■ Provided data:

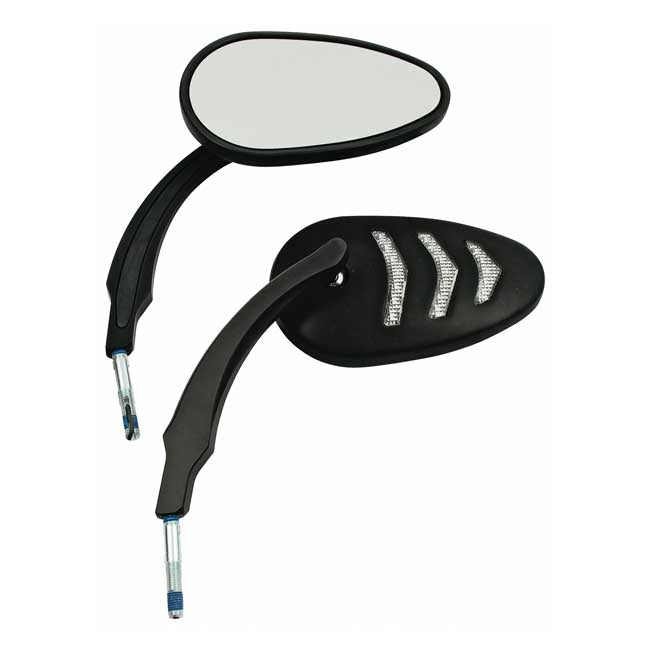 Led Billet Turn Signal Mirror Set. Black Mirrors With Turnsignals Mcs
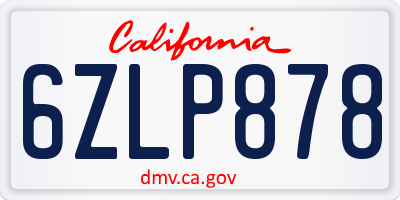 CA license plate 6ZLP878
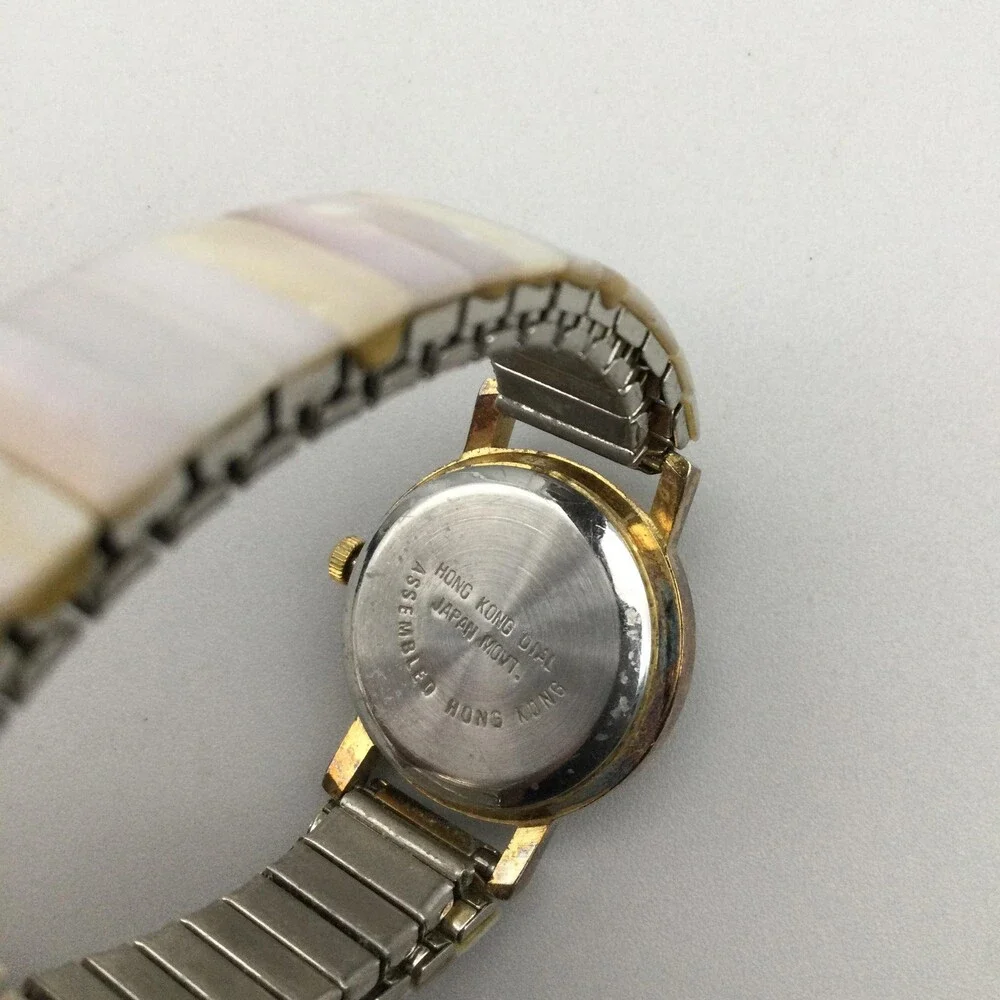 SelecTime Womens Watch 24mm MOP Dial Gold Bezel Stretch Band New Battery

■ Exercise brief:
Take the listing above and retype it exactly. Its pictures are to be omitted.

■ Output below:
 Led Billet Turn Signal Mirror Set. Black Mirrors With Turnsignals Mcs
 CA license plate 6ZLP878
 SelecTime Womens Watch 24mm MOP Dial Gold Bezel Stretch Band New Battery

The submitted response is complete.